The Fermi Gas team at LKB recently published an article in the journal Physical Review Letters.
The authors:

- Joris VERSTRATEN
- Kunlun DAI
- Maxime DIXMERIAS
- Bruno PEAUDECERF
- Tim DE JONGH
- Tarik YEFSAH
We report on the imaging of the in situ spatial distribution of deterministically prepared single-atom wave packets as they expand in a plane, finding excellent agreement with the scaling dynamics predicted by the Schrödinger equation. Our measurement provides a direct and quantitative observation of the textbook free expansion of a one-particle Gaussian wave packet, which we believe has no equivalent in the existing literature. Second, we utilize these expanding wave packets as a benchmark to develop a protocol for the controlled projection of a spatially extended wave function from continuous space onto the sites of a deep optical lattice and subsequent single-atom imaging using quantum gas microscopy techniques. By probing the square modulus of the wave function for various lattice ramp-up times, we show how to obtain a near-perfect projection onto lattice sites.
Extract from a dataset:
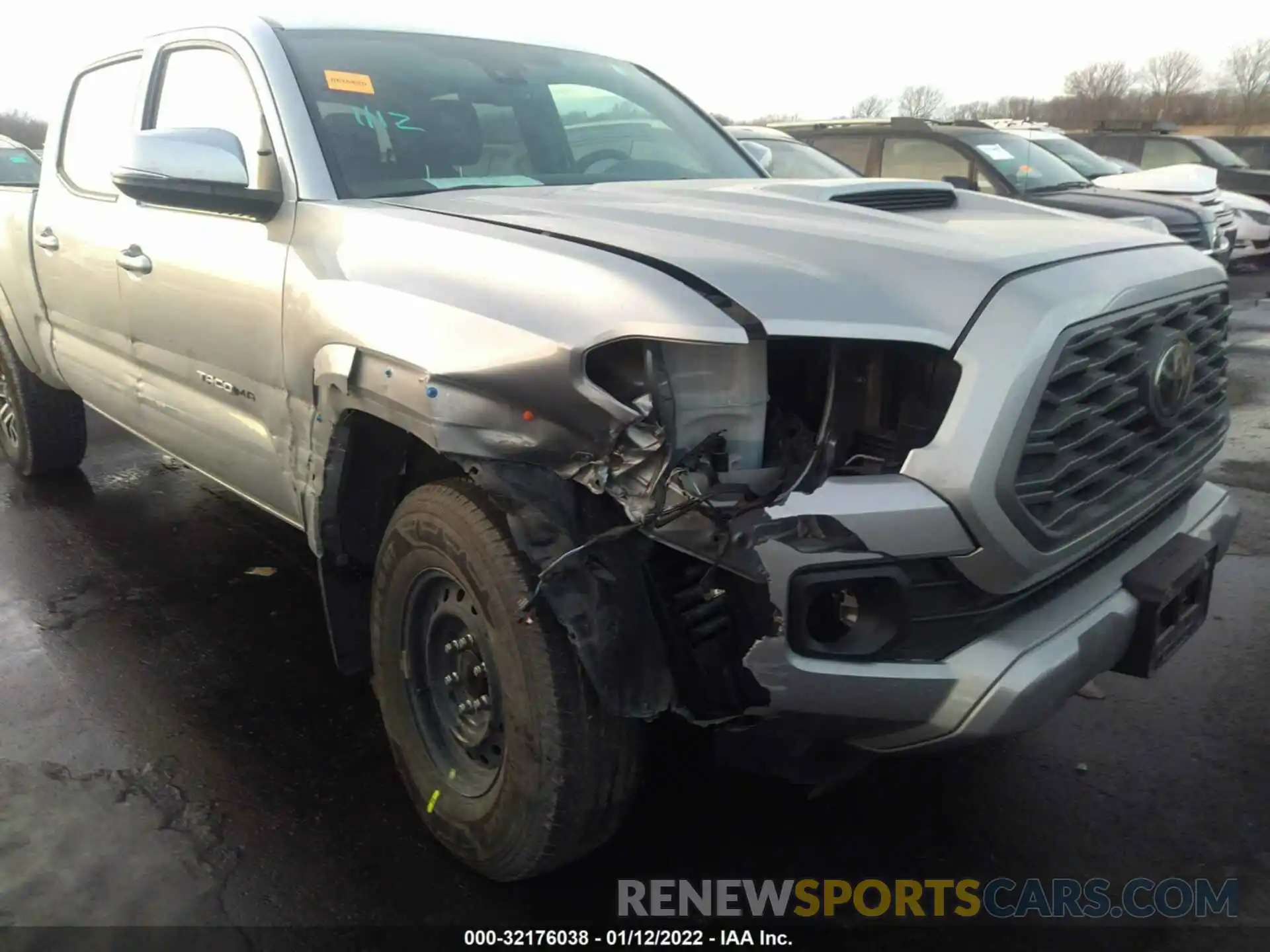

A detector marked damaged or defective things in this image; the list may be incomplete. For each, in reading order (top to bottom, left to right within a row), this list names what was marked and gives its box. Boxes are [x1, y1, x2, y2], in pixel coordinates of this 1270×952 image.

Establishing this protocol represents a crucial prerequisite to the realization of a quantum gas microscope for continuum physics. The method demonstrated here for imaging a wave packet whose initial extent greatly exceeds the pinning lattice spacing, is designed to be applicable to the many-body wave function of interacting systems in continuous space, promising a direct access to their microscopic properties, including spatial correlation functions up to high order and large distances.

© Tarik Yefsah
Figure 1: Single-atom imaging of an ultracold 6Li cloud (LKB experiment). The quantum gas microscope is a powerful tool that was originally developed for the study of lattice physics. Our experiment allows us to apply it to probe continuous gases: after preparing the cloud in a given state of matter, the atoms are suddenly frozen in a deep optical lattice and exposed to near-resonant light. In this image, each bright spot (in red) signals the presence of an atom.

© Tarik Yefsah
Figure 2: A single-atom wave packet expanding in continuous space (top row) is imaged by projecting the atomic position onto the sites of an optical lattice. Our technique serves as a CCD camera for wave functions: through repeated measurements of identically prepared wave packets, we obtain histograms of the absolute squared wave function (bottom row).